Allen9 ( ) posted Wed, 18 July 2001 at 5:09 PM

It's a tradeoff sometimes. Sometimes it's not, but it's often a matter of time vs. results. If you are doing a picture that takes 24+ hours to render (like my "Sanctuary") image, and you are an ordinary home user with 1 computer, that means you just can't do anything else for that whole time. That can be a major bummer. I am always interested first and foremost in getting an image out of my brain and into a viewable form. Once I've done all the work, which may take days or weeks of labor, I want a good final product. Sometimes that just means I have to wait (and wait, and wait, and wait) for the rendering to be done. If I could get faster rendering, I could be on to the next one(s) of the gazillions of projects seething in this quagmire I call my mind. I always have at least 5 or 6 images "cooking" at any given time, and when I have to wait for a long render (which I will certainly do when necessary) the other projects tend to start knocking up against my mental walls, wanting "out."


DigitalDream#3 ( ) posted Wed, 18 July 2001 at 5:28 PM

Also, sometimes it matters as far as production on the job. If person A can produce something faster than person B and the supervisor does'nt care (which unfortunately, sometimes they don't), then time is of the essence.


Spit ( ) posted Wed, 18 July 2001 at 9:10 PM

I would imagine in a production environment, you have a network.
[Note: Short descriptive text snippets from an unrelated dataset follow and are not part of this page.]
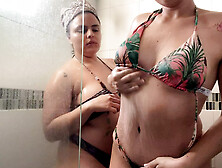 Stepsisters Shower Together And Touch And Kiss Each Other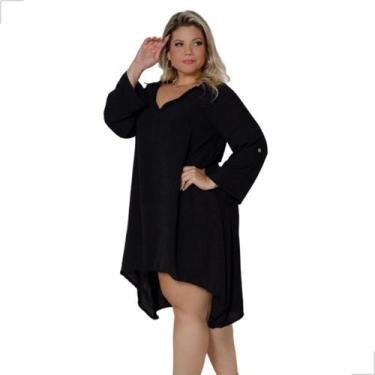 Imagem de Vestido Chamise Manga 3/4 Gola Polo Plus Size - Rosana Farcait, Preto,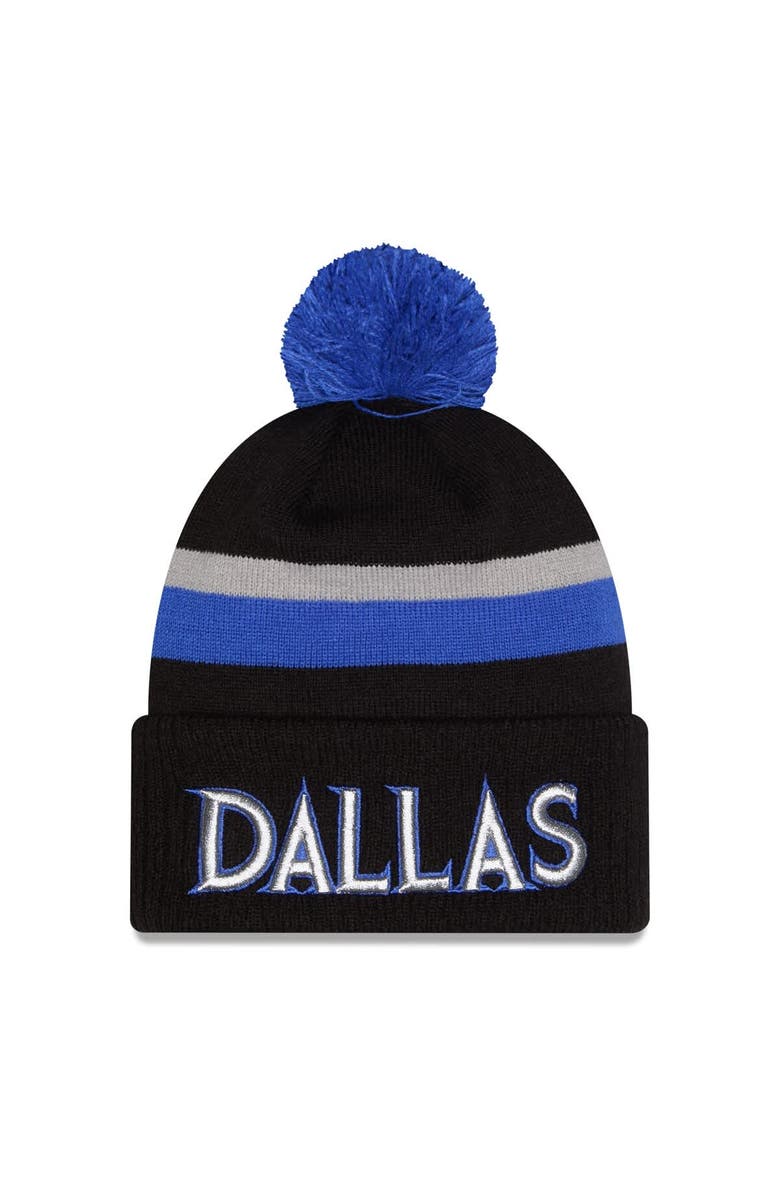 New Era Men's New Era Black/Blue Dallas Mavericks 2025/26 City Edition Cuffed Knit Hat with Pom, Main, color, Black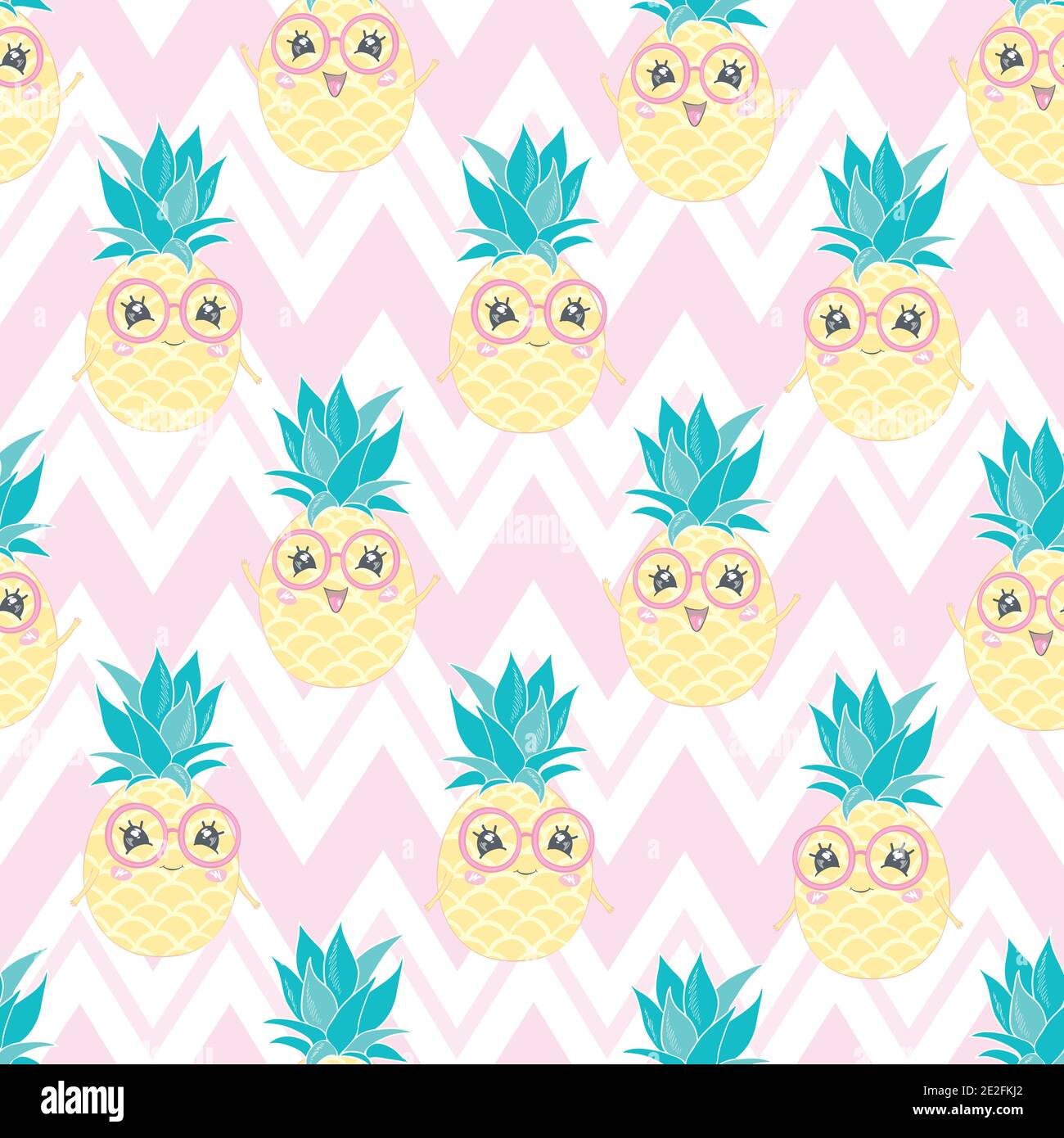 seamless pineapple, vector, illustration, pattern Stock Vector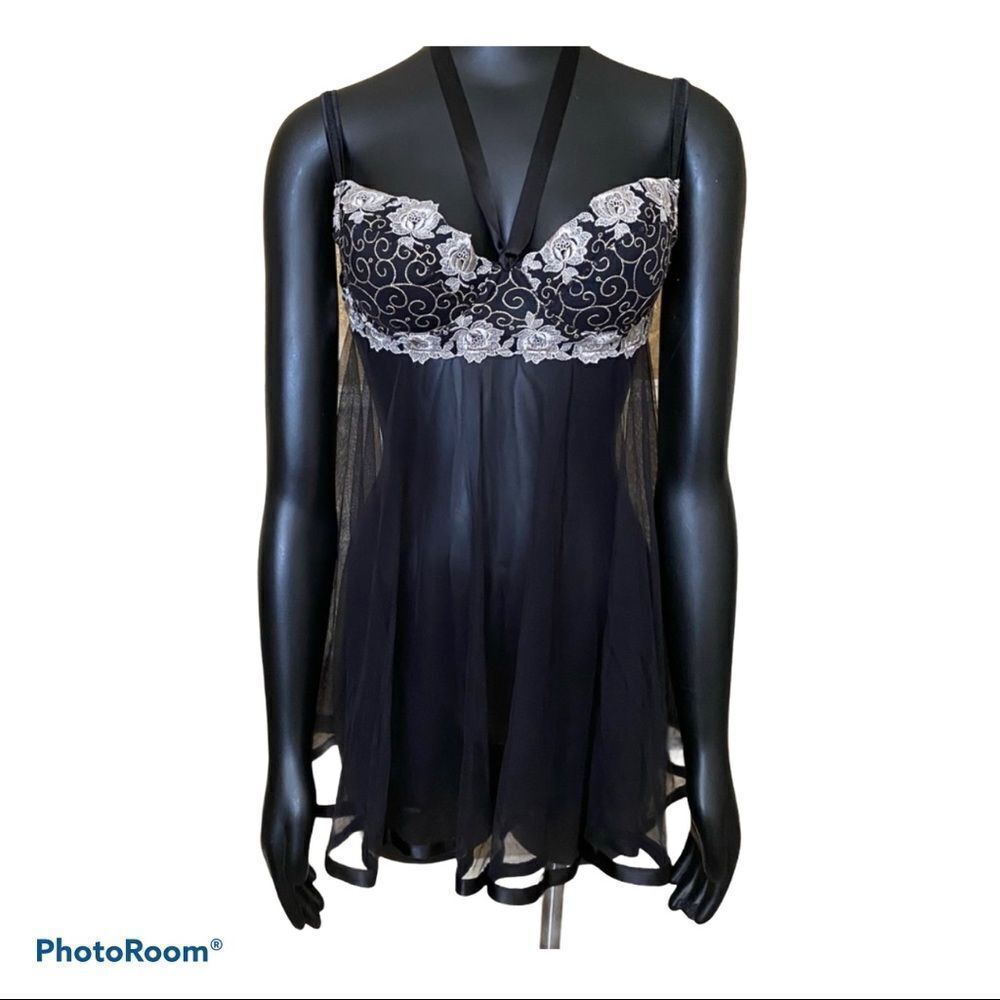 NEW Victoria's Secret Black Sheer Babydoll Bra 34B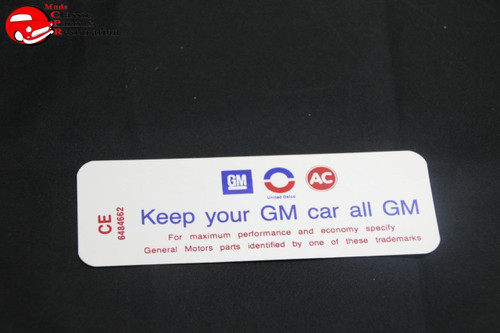 69 70 Oldsmobile 6 Cylinder Engine Keep Your Gm All Gm Air Cleaner Decal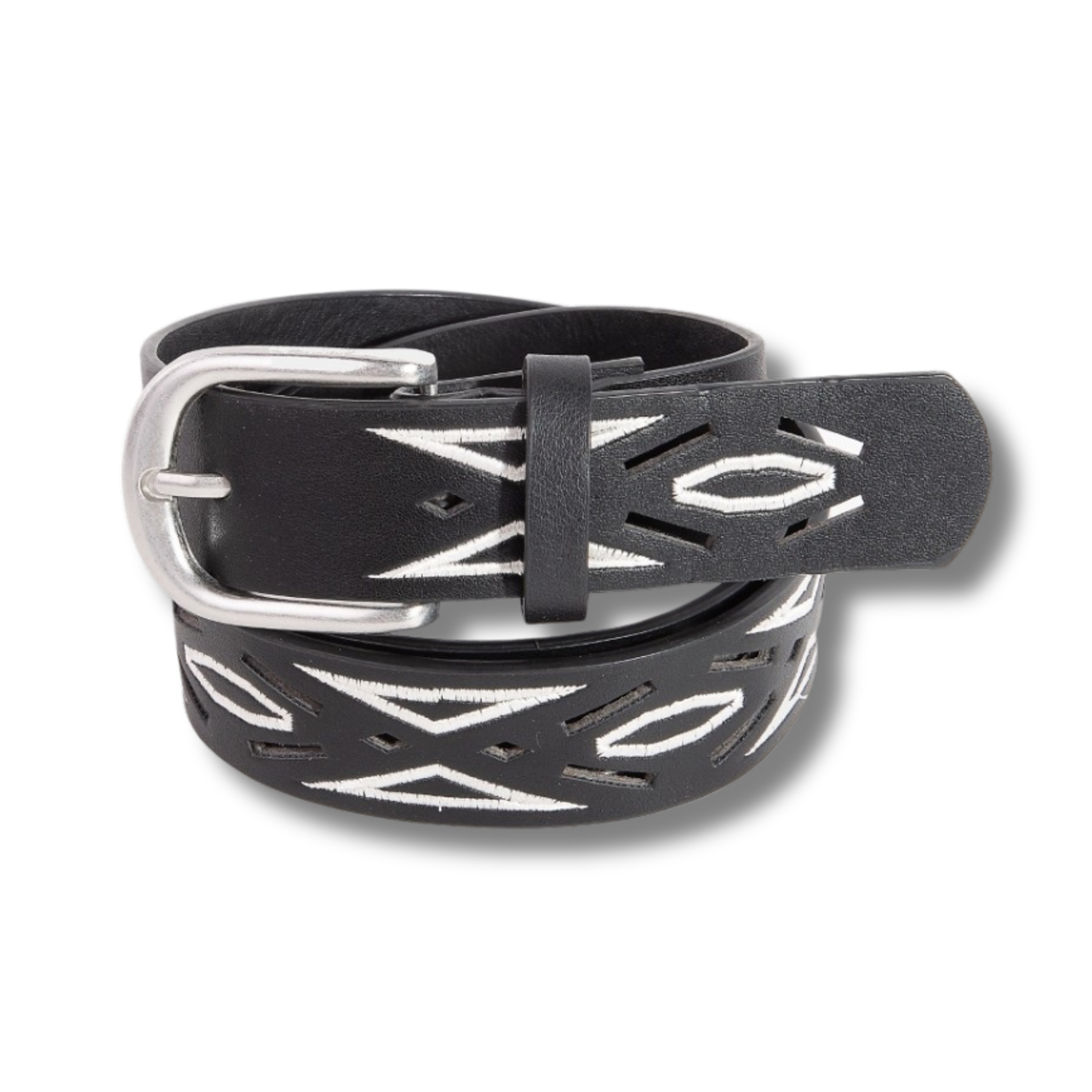 Geometric Slit Accents Vegan Leather Belt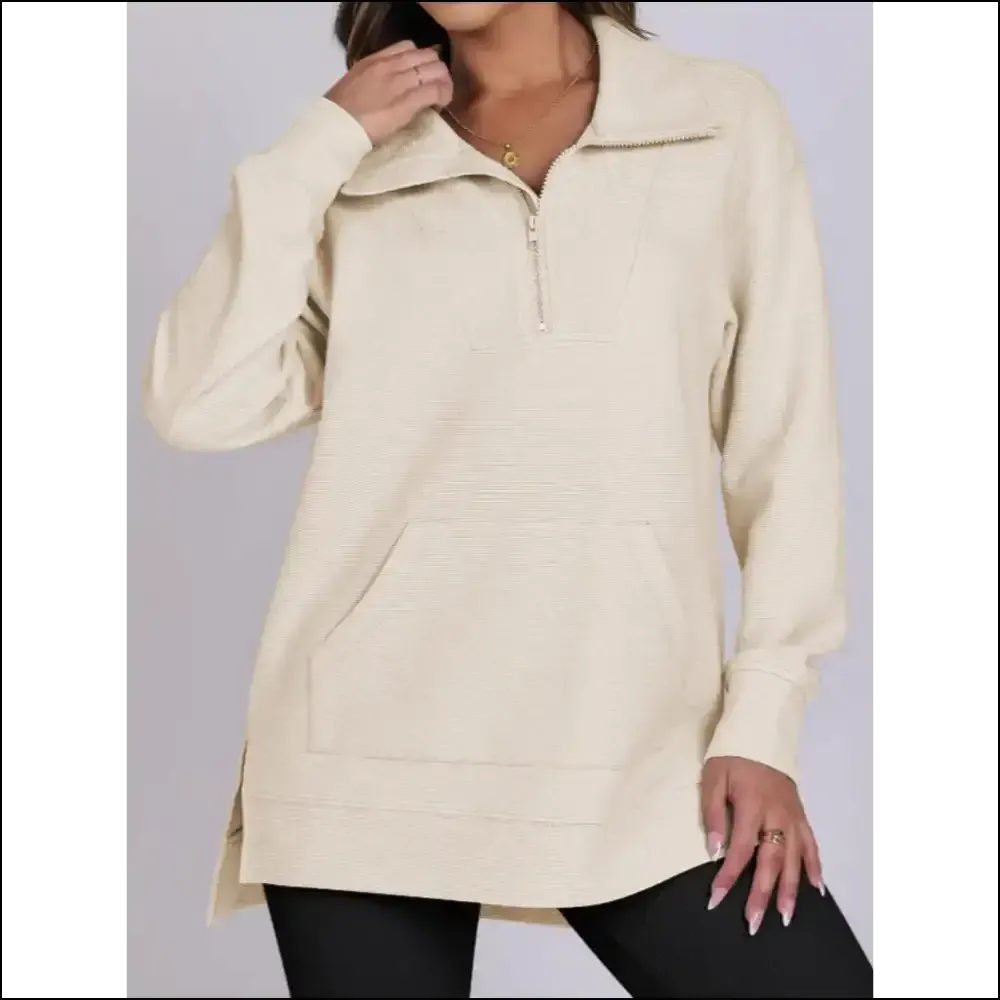 Chic High-Low Quarter Zip Long Sleeve Sweatshirt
So network rendering to the rescue. I have a slow machine so everything is slow for me, but I manage to do my Bryce renders mostly in under an hour. I even did an 800x600 indoor scene with soft shadows that only took 4 hours. If you are in a situation where time really really counts you use tricks. If it's your own artwork then speed is only a convenience not a necessity. Spit


rezman ( ) posted Wed, 18 July 2001 at 10:06 PM

Well...yeah, unless it's a hobby. The Bryce renderer is drop dead gorgeous. And, too slow for any production work. I'm putting together a video that needed about nine minutes of animation total. Bryce was my first choice. 640x480, 30 fps, anti-aliased. NOT GONNA HAPPEN. Also, as the complexity rises the workflow bogs down. As it does with any of the consumer 3d apps. But, Bryce sure is fun!


Allen9 ( ) posted Fri, 20 July 2001 at 12:32 PM

If you are doing production work, then you are probably working for a firm that can actually afford a high-end program to do it on. For us mere ordinary working mortals who will never be able to afford to get anywhere near a copy of Maya or even Lightwave, Bryce is still heaven. Slow heaven, but heaven.